今でこそ「負けてから勝つ」という不屈の主人公を演じる大畑さんですが、このリプレイではまだまだ三下色が強いです。実際に格好いい主人公を演じているのはラストを含めた数シーンのみですが、後の大畑流の主人公の格好良さの片鱗は見せています。
今回はきくたけリプレイでは類を見ないほど悲劇的な最後を向かえてしまうのですが(その悲劇を招いたのがプレイヤーのファンブルではなく、プレイヤーのクリティカルというのはかなり皮肉)、ラスト付近では主人公としてのキャラがしっかり立っているので「悲劇だけどこれはこれでありかも」と思える雰囲気になっています。
しかし、序盤の大畑さんは徹底して三下風味で、常に下に下にと潜り込もうとしてしまったため、最初に出てくるボスがそれよりも下に潜り込まなければならず、至上最弱の魔王という奇妙なキャラクターに……。
まあ、おかげで魔王のキャラが立ったので面白い展開にはなったんですけどね(笑)。

次のセブン=フォートレスリプレイ「シェローティアの空砦」では、過去のセブン=フォートレスリプレイに登場した主人公などが再登場して全ての締めとなる話を展開するみたいなので、どんな展開になるのか楽しみです。
まあ、いつになるのかわかった物じゃないですけどね……。最近はリプレイを書く人が増えてきて、菊池たけしさんが手がけるリプレイは減っているとは言え、ナイトウィザードは次のステップに進むための準備が色々忙しいでしょうし、昔に比べるとその他のお仕事も多いでしょうからねー。

ナイトウィザードの展開も気になる所ではありますし、ナイトウィザードは俺のTRPGに対して関わり方を決定づけた作品であるのは確かですが、そもそもセブン=フォートレスとの出会いがなければ今の俺はないでしょう。
友人宅にあったRPGマガジンで初めてアルセイルの氷砦を読んだ時の衝撃は今でも忘れられませんからね。
今まで、TRPGリプレイと言えば「ゲームとしての遊び方の指南」とか「ゲームをプレイする上での参考資料」といった程度の内容でした。
もちろん、TRPGの遊び方を伝えるための本なのですから、その手法は正しい物ではあります。
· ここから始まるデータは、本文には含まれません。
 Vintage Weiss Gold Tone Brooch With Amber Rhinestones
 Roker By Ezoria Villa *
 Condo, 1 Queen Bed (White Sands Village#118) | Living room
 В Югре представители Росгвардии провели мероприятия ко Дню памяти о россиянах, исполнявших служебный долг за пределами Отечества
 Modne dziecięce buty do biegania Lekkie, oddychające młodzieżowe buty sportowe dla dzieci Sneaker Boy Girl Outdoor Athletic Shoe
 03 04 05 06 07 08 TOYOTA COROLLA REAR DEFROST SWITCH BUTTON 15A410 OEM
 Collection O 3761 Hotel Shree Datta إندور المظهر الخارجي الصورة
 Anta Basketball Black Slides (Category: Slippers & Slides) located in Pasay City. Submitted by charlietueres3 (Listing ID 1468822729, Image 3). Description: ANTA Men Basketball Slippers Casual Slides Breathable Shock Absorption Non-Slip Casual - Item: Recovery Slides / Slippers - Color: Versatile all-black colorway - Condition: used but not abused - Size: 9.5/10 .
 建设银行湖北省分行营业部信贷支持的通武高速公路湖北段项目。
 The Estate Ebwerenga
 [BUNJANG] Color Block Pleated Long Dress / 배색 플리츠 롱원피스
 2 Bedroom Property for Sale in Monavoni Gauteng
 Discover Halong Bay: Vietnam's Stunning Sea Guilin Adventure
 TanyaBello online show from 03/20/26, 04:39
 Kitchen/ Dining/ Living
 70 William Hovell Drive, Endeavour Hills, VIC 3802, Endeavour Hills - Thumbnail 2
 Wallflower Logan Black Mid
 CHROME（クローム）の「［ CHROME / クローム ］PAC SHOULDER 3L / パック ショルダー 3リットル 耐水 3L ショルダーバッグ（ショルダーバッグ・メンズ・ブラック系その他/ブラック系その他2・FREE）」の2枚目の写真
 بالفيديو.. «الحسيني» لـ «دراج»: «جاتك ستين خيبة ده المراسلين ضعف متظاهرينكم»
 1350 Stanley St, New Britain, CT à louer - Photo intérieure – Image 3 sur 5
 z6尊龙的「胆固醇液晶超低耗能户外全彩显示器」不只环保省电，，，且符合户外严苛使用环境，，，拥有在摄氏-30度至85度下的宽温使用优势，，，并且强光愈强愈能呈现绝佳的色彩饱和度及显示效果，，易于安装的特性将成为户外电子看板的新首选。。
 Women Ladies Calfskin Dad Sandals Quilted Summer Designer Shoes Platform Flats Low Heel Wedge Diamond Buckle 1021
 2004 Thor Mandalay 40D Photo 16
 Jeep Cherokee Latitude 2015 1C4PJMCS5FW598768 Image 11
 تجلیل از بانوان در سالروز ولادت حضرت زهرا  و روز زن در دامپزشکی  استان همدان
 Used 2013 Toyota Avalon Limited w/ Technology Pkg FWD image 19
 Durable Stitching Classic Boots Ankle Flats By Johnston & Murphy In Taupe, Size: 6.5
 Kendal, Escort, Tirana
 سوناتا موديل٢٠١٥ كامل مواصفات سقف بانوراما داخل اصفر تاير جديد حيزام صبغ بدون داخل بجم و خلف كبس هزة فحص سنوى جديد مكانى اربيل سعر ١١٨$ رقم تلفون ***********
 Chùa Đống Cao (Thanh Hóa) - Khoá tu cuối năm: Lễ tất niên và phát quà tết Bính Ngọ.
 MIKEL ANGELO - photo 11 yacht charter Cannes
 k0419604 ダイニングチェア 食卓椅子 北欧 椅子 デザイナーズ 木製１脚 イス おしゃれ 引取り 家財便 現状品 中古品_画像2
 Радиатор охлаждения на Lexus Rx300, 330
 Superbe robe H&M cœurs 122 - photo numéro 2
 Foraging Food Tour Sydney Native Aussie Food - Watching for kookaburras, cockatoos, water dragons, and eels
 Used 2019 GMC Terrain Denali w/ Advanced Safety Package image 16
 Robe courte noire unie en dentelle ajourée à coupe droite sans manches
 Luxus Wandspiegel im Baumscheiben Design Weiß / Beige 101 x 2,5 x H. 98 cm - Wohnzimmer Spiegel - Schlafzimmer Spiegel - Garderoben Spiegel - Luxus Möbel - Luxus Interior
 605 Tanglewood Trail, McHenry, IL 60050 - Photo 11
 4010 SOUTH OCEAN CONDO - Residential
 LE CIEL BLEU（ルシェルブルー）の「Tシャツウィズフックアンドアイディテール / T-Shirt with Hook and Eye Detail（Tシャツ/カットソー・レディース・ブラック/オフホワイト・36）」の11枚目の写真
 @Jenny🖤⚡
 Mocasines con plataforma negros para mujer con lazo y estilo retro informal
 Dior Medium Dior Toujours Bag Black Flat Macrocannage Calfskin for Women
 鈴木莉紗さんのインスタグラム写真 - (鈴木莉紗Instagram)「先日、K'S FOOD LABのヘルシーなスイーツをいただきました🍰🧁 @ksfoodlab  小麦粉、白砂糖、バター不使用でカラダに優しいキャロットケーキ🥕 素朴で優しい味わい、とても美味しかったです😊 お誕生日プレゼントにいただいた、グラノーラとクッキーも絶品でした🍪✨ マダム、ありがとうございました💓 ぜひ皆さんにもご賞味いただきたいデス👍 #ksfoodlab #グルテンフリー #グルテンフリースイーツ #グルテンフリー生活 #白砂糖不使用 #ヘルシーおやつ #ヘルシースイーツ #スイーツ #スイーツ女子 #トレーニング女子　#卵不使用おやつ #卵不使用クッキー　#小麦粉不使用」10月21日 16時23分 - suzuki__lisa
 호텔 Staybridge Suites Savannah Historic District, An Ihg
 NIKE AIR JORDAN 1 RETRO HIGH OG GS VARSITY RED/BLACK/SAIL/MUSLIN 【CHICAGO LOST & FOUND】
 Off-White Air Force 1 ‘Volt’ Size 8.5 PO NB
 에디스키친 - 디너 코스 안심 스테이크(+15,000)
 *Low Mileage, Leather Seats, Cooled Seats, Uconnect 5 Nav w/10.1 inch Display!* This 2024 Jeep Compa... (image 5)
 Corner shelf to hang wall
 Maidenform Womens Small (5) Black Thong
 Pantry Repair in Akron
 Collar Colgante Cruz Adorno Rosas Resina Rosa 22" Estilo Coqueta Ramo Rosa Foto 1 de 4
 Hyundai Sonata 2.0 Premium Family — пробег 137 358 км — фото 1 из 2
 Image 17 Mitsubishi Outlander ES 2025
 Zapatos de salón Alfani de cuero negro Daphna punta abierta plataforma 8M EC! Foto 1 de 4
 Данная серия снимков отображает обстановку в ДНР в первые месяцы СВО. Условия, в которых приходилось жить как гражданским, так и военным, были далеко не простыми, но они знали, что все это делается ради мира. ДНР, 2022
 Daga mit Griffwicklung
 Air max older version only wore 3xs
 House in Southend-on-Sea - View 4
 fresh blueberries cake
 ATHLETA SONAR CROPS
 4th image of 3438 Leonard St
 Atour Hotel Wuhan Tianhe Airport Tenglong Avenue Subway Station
しかし、正直言ってその内容ではTRPGは大して面白そうな物とは感じません。
やっている事は「ゴブリン退治」やら「迷宮探索」といった王道であり、そこに意外性のあるストーリーや手の込んだ仕掛けがあると言う事も稀。
ましてや、GMもプレイヤーも雑談みたいな話し方しかしませんので、はっきり言って読み物としては成立していない物が多かったです。
雑談というのは、参加しているその場の人間は大いに楽しいのですが、その内容をそのまま人に聞かせても存外に面白く感じられない物です。
俺が菊池たけしさんのリプレイに出会う前に読んだリプレイというのはまさにそういう感じでした。
確かにTRPGは雑談レベルの話で展開する事が多いですし、それでも参加している人が十分楽しめる物ではあるのですが、その内容をそのまま記述した所で面白い読み物にはならないのです。
俺も自分のサイトでTRPGネタを書いていた時期がありますが(ここ数年停滞中)、人が読んでも面白い様にするためには色々な工夫が必要だなと痛感しました。
「リプレイはTRPGの指南書ではあるが、TRPGの面白さを伝える物ではない」
というのが、従来のリプレイを読んだ感想でした。
中には、目新しい手法や凝ったネタを盛り込んだ物もありましたし、面白い発言で場を沸かせるプレイヤーがいた物もありましたが、それでも「TRPGを知らない人にも面白さを伝える」と言う域にまでは行っていなかったと思います。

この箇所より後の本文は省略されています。